Civilization hasn’t successfully drawn a moral border at the sanctity of human life itself, but because it needs to put some limit on human behavior, it has, apparently, taken a last stand at the dignity of corpses.
It’s OK to kill your enemy, but not to urinate on him, at least not after he’s dead.
The latest scandal of the war on terror — the release of the video of four Marines urinating on the corpses of two dead Afghanis (“Have a good day, buddy”) — has turned the game of geopolitics downright surreal. Secretary of State Hillary Clinton, exercising code-red damage control, said the men may be guilty of a war crime. Official condemnation of the act has been far swifter and more severe than the routine statements issued by Pentagon spokespersons after the mere bombing of a village and the deaths of disputed numbers of women and children. There were no press releases dismissing the incident because the desecrated Afghanis were insurgents.
It was almost as though, in the game of war, where nothing is sacred except the supremacy of power — winning — this is where power stops and humanity begins: You must respect your enemy’s dead body. It says so right there in the Uniform Code of Military Justice.

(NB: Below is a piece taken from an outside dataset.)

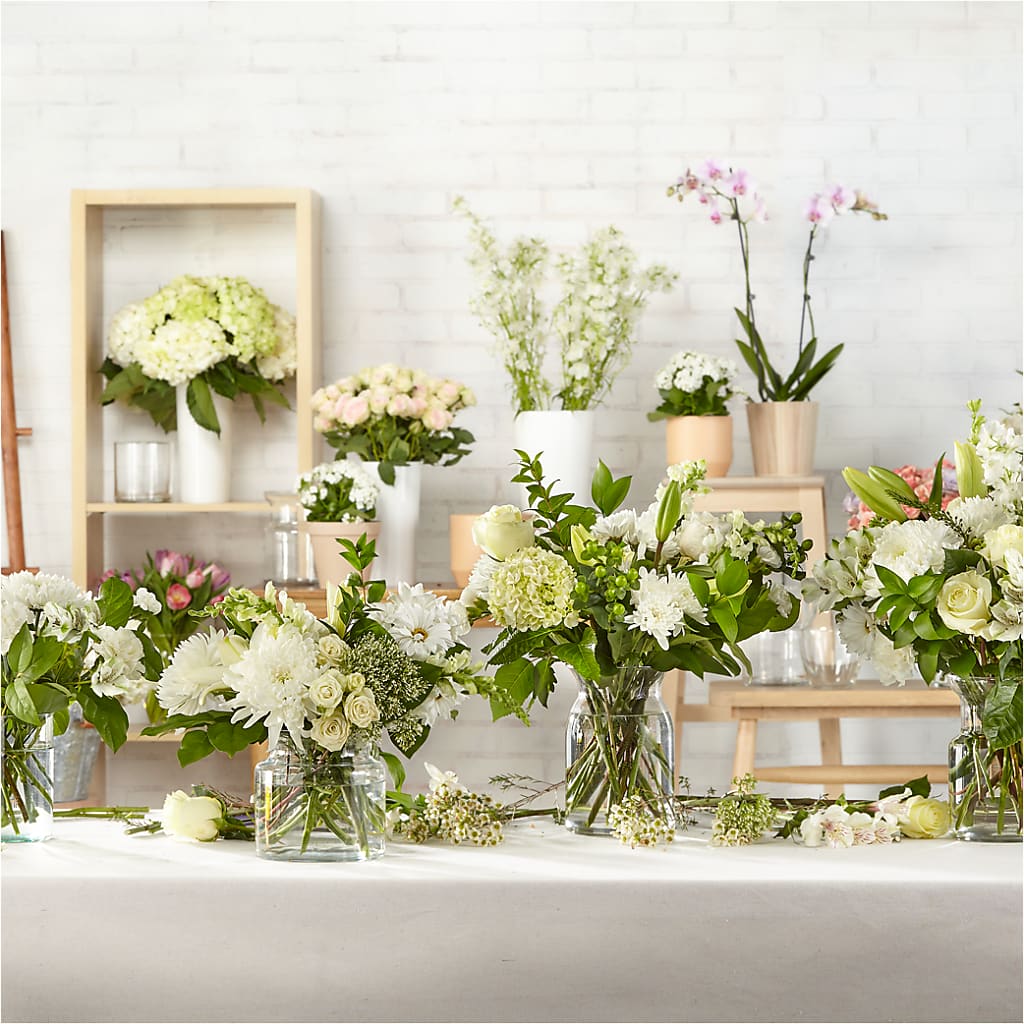 Classic Ivory – A Florist Original – AMELIA'S FLOWERS, Naples FL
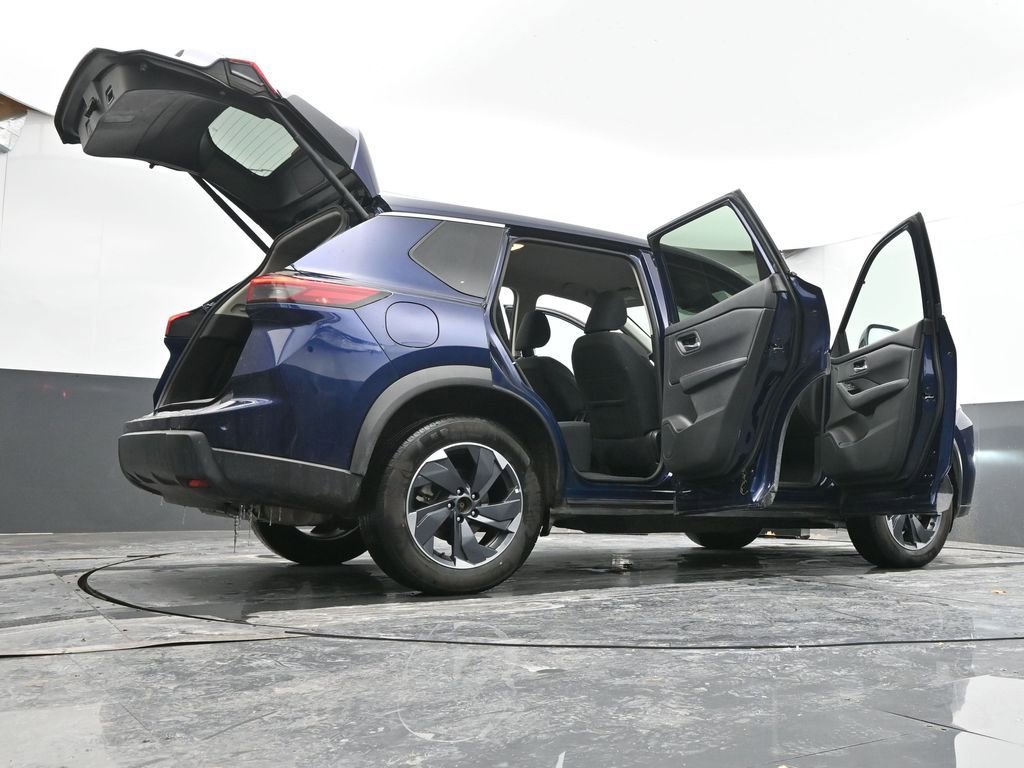 Used 2024 Nissan Rogue SV image 71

However, upon reflection, it seems to me that, in all likelihood, in an era where positive spin is crucial to a successful war effort, the official stand in defense of the dignity of corpses may not be in deference to morality so much as public relations. If skewering the head of one’s enemy on a pike furthered a political end, official “thou shalt not” morality would manage to find a loophole for such behavior (it’s for the greater good), and the nation’s ultimate moral stand would retreat even further into obscurity and irrelevance.
My point is this: Morality is no match for the need to win, for the culture of domination. And the moral bedrock of civilization is nothing but sandstone.
This is not a plea for sterner morality but for a shift away from domination mentality, whether at the personal, the corporate or the geopolitical level — or at least for public awareness of the price we pay when we build a nation around the endless defeat of enemies, real and imagined.
“When you ask young men to go kill people for a living, it takes a whole lot of effort to rein that in.”
The quote is from a breezy Associated Press story about the urination incident, putting corpse desecration into context. The speaker is a Marine lieutenant “who teaches the law of war to Marines before they are sent off to Afghanistan.” His point is that we shouldn’t judge these men too harshly.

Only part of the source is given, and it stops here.